Rodzina Magdaleny Żuk zbulwersowana. Prokuratura tłumaczy swoją decyzję. Chodzi o dwie kluczowe sprawy

2025-06-30 14:28

Rodzina Magdaleny Żuk - Polki, która zmarła w niewyjaśnionych okolicznościach w Egipcie - nie zgadza się z decyzją prokuratury o zawieszeniu śledztwa w tej sprawie. Śledczy z Jeleniej Góry tłumaczą, że nie mieli innego wyjścia, bo nadal nie otrzymali od swoich egipskich odpowiedników m.in. dodatkowych informacji dotyczących wyników badań toksykologicznych i chemicznych 27-letniej kobiety.

Jelenia Góra. Śledztwo ws. śmierci Magdaleny Żuk zawieszone. Prokuratura tłumaczy

W tym roku minęło 8 lat od śmierci Magdaleny Żuk w Egipcie, ale śledztwo w tej sprawie nadal nie zostało zakończone. Co więcej, Prokuratura Okręgowa w Jelenie Górze poinformowała teraz o zawieszeniu postępowania. Polscy śledczy złożyli za pośrednictwem Prokuratury Krajowej kilkanaście wniosków o międzynarodową pomoc prawną, ale nadal nie otrzymali wszystkich materiałów, które są niezbędne do zakończenia czynności i ewentualnego przedstawienia komukolwiek zarzutów.

- Chodzi o dodatkowe informacje od biegłych z zakresu badań toksykologicznych i chemicznych. Nadal czekamy również na przesłuchanie jednego z obywateli Egiptu, jednego ze świadków zdarzenia - powiedziała "Super Expressowi" Ewa Węglarowicz-Makowska, rzeczniczka Prokuratury Okręgowej w Jeleniej Górze.
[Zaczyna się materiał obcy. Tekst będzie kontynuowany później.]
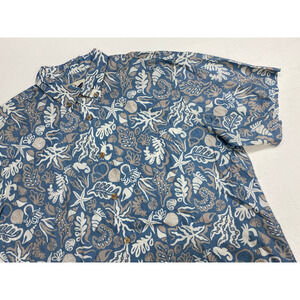 Men Yiume Hawaiian cotton sea shell ocean life button up shirt, XL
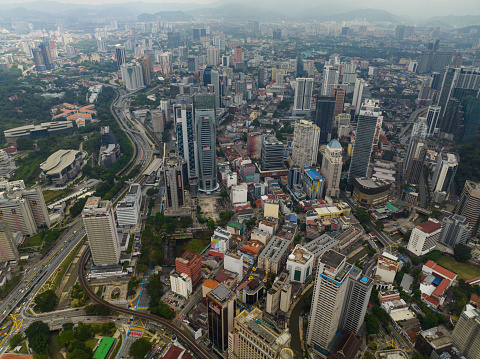Kuala Lumpur, Malaysia - September 11, 2022: Skyscrapers and high-rise buildings in downtown Kuala Lumpur.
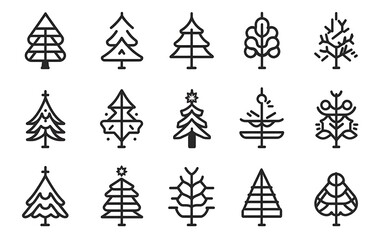 Obraz premium Abstract Christmas Tree Icons Set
Jak dodaje kobieta, śledczy "wykonali w Polsce wszystko, co jest możliwe do wykonania", więc bez pomocy strony egipskiej nie mogą kontynuować działań. Prokuratura "wielokrotnie" zwracała się do służb w Egipcie o pomoc, ale mimo że co jakiś czas wpływają w tej sprawie materiały, po przetłumaczeniu okazuje się, że nie dotyczą one spraw, które znajdują się w gestii zainteresowania polskich prokuratorów. Jak podkreśla rzeczniczka, zawieszenie postępowania nie oznacza jego umorzenia, więc jak tylko pojawią się nowe dokumenty, zostanie ono wznowione.

Zmęczeni długotrwałym postępowaniem są już bliscy Magdaleny Żuk. Jej siostra powiedziała w rozmowie z programem "Uwaga!" emitowanym na antenie TVN, że decyzja prokuratury w Jeleniej Górze o zawieszeniu śledztwa to "jakaś kpina" i że "nam to się w głowie nie mieści, że tyle lat czekamy, aż prokuratura ustali w końcu, co tam się wydarzyło".

Co się wydarzyło w Egipcie?

Magdalena Żuk zmarła 30 kwietnia 2017 r. w jednym ze szpitali w Egipcie, gdzie poleciała na wakacje. Kobieta wypadła z okna, doznając poważnych obrażeń, a wcześniej zachowywała się w niepokojący sposób.

- Kobieta miała być roztrzęsiona i agresywna. Nachalnie szukała kontaktu z pozostałymi turystami z Polski, a przy tym była jakby nieobecna. Sprawiała wrażenie, że się czegoś boi - pisał "Super Express".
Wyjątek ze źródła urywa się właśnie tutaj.